このところ太田由希奈が話題にならないのは、ケガに悩まされ続けているからだ。ケガも実力の内なのだろう。ひょっとすると、太田は以前からケガの不安を抱えていて、取材した記者には全部バレていたのかもしれない。しかしそれならむしろ、そのとき輝いている選手にライトを当てたっていいじゃないか。もちろんマスコミも商売だから、ある程度、取り上げる人数は絞ってほしいというのが視聴者の望みなんだろう、とは思う。スターがいなくては五輪特番は作れない。

余談

安藤美姫の名で Google 検索すると、goo 画像検索の結果が最上位に登場。何それ。けっこう少なくない女優やタレントの場合、アダルトサイトの特設ページが最上位で登場してしまう。それに似たようなものかと思った。ちょっとこれは可哀想だな。

ちなみに太田由希奈さんにはファンサイトがあります。本人がそれで喜んでいるかどうかは知らないけれど、検索結果の最上位がリスペクト系の応援サイトなのは、少なくとも不幸なことではないと思う。
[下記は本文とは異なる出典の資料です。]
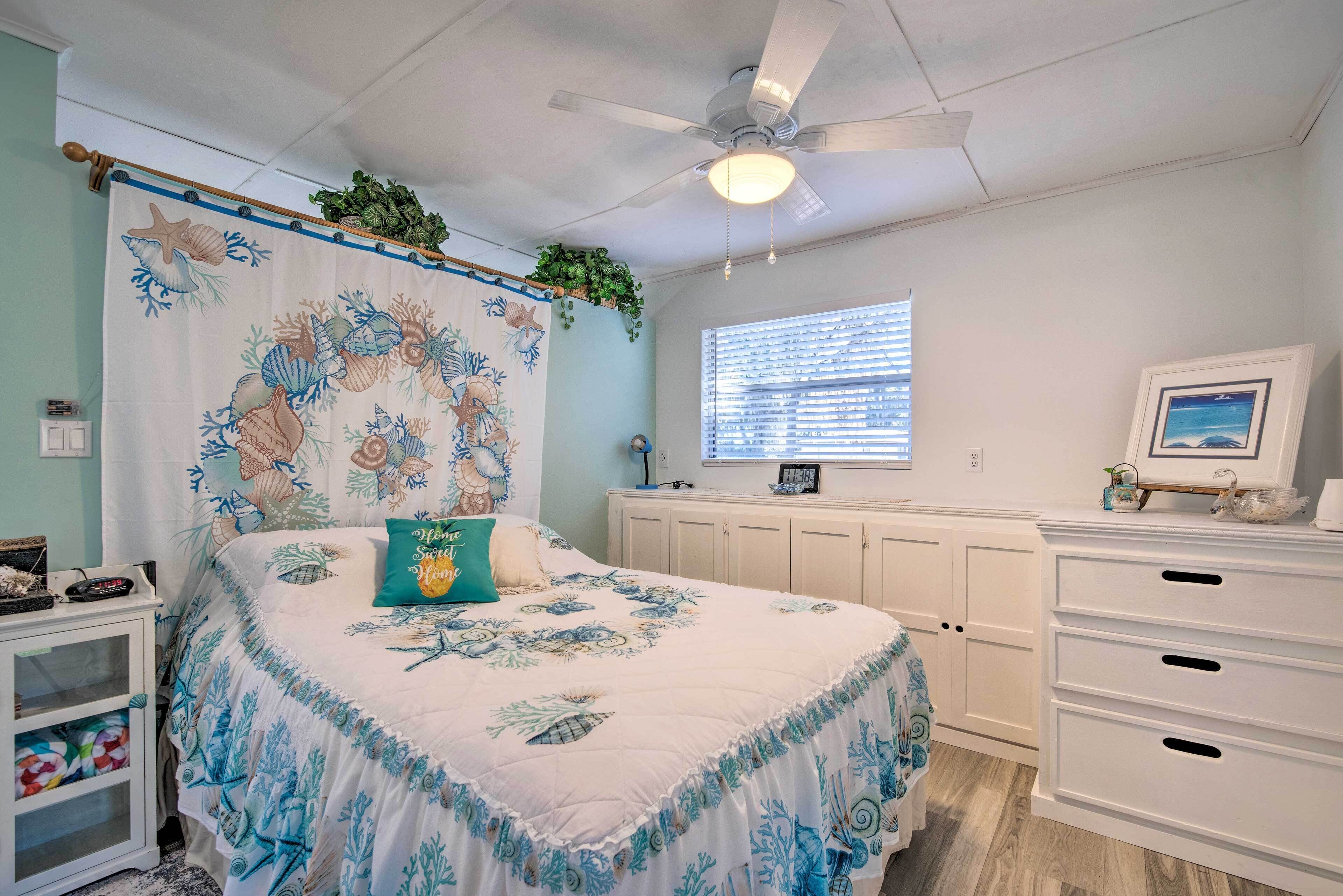 Une chambre à coucher avec un lit, un ventilateur de plafond, une fenêtre avec des stores, une commode et une plante suspendue au plafond.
ところで、私の記事はいささか思い入れ過剰なので、太田さんに興味のある方はフィギュアスケートジャーナルの記事などもチェックされることを勧めます。また安藤美姫についてウェブで読める記事としては日刊スポーツのインタビューが秀逸。

無関係な記事

私の心の中ではちょっとだけ関係があるのです。

F1 もマラソンもフィギュアスケートも、正直いって私は詳しくない。ただ、毎日新聞を読んでいて、何か心に引っかかることがあります。たいていそれらはどこかへ流れていってしまうのだけれど、時々、新聞記事から読み取った私なりの物語の解釈を、書き留めておきたくなる瞬間があるのです。野口みずきと土佐礼子の話は、記事を読んでから備忘録を書くまでの期間があまりに短く、半分以上パクりになっているような気がします。ちょっと気になるところ。